In the wake of this, several privacy-enhancing technologies (PET) are being developed to allow conscientious usage of personal health data and gain patient’s trust.
Many such systems allow a PHR vendor as an intermediary to verify the identity of an individual and provide the required data to third-party organizations using an electronic token. Using the token, the vendor does not have to disclose the personal identifiers or other personal information of the patient. Also, using the token, the patient can access information about the third party and how they plan to use their health data. The patient can even decline consent to use their data.
For instance, using Data Track, a tool developed as part of the European Union’s Privacy and Identity Management for Europe (PRIME) project, patients can look up a history of their online activities; what information they provided to whom, and what these organizations intended to use these data for.
Furthermore, some systems give patients control over what information they disclose. These systems use a group of software called attribute-based credentials (ABCs). Examples of this software are Microsoft’s UProve and IBM’s Identity Mixer. These ABCs giver users autonomy over their data, allowing them to validate information anonymously and limit the linkability of these data to multiple other users.
Experts also recommend that AI developers secure personal data by decentralizing it, an encryption model called federated learning. Here developers and data consumers receive anonymized health data, with no information traceable to a particular user. This way, only the learning outcome or output data is centralized, leaving out any identifiers or personal information.
For HIPAA, the main law protecting data privacy, a lot is also being done to seal the attendant loopholes in its regulation. For instance, new laws are being created to expand covered entities in HIPAA to include non-health providers that collect and use personal data such as Google and Facebook.

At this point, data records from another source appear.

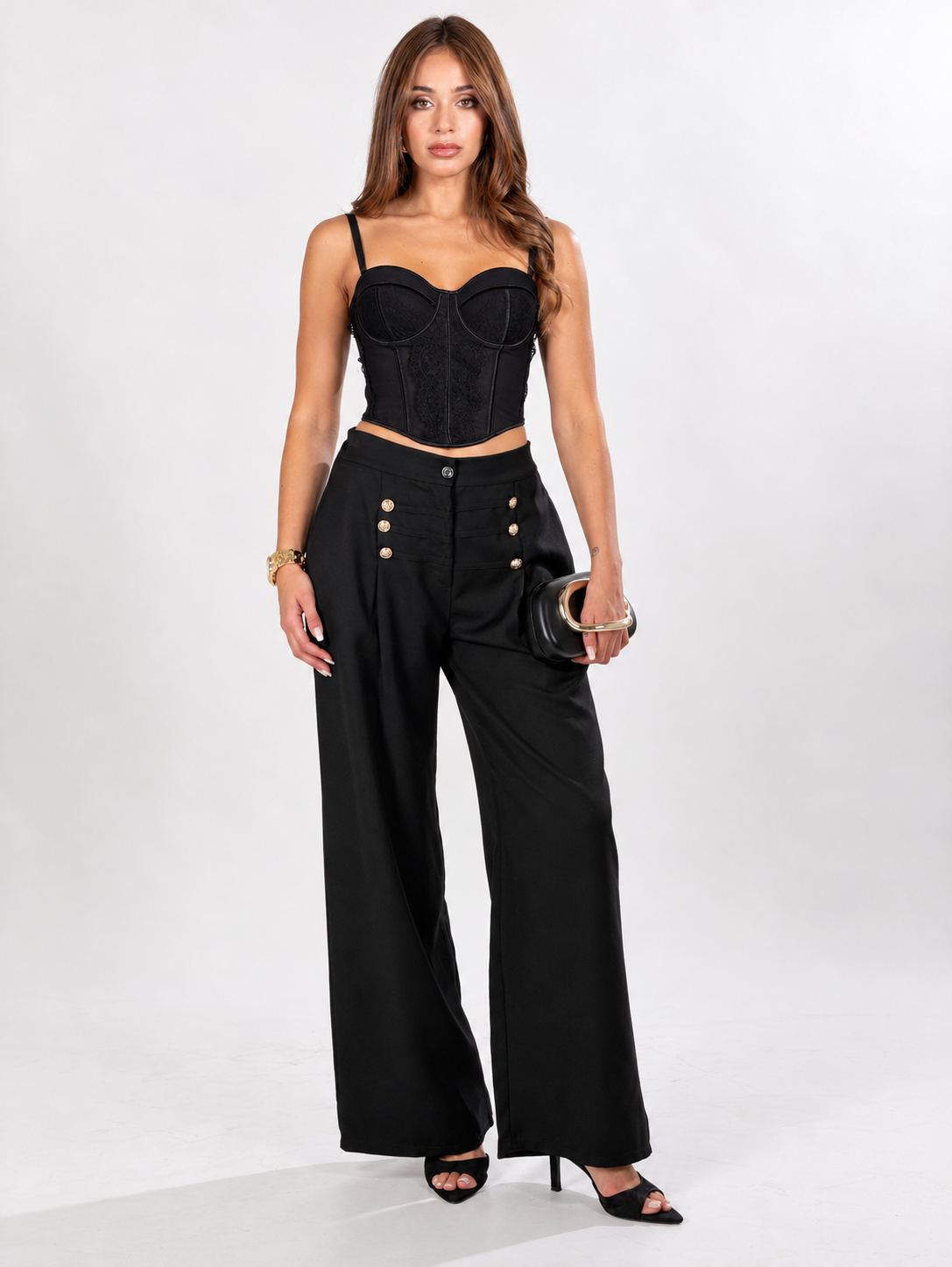 Pantalone sailor wide leg|Colore:Nero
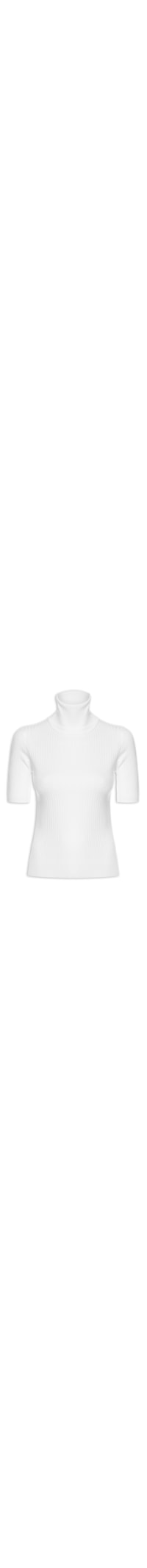 Blusa Feminina Tricot Gola Alta Canelada Manga Curta - Branco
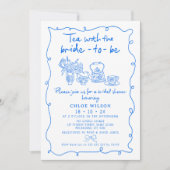 Invitation Fête des mariées de thé Whimsical bleu dessiné à l (Devant)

Going forward, the US may also need to pattern its privacy laws after the GDPR, which demands that all companies that collect and use personal data must state in clear terms how the data shall be used, with huge financial penalties to defaulters.
Data privacy issues remain a lingering concern as AI continues to infiltrate healthcare. Nonetheless, continued discussions and solutions are needed to harness the gains of AI in healthcare while ensuring patients’ dignity and privacy are respected.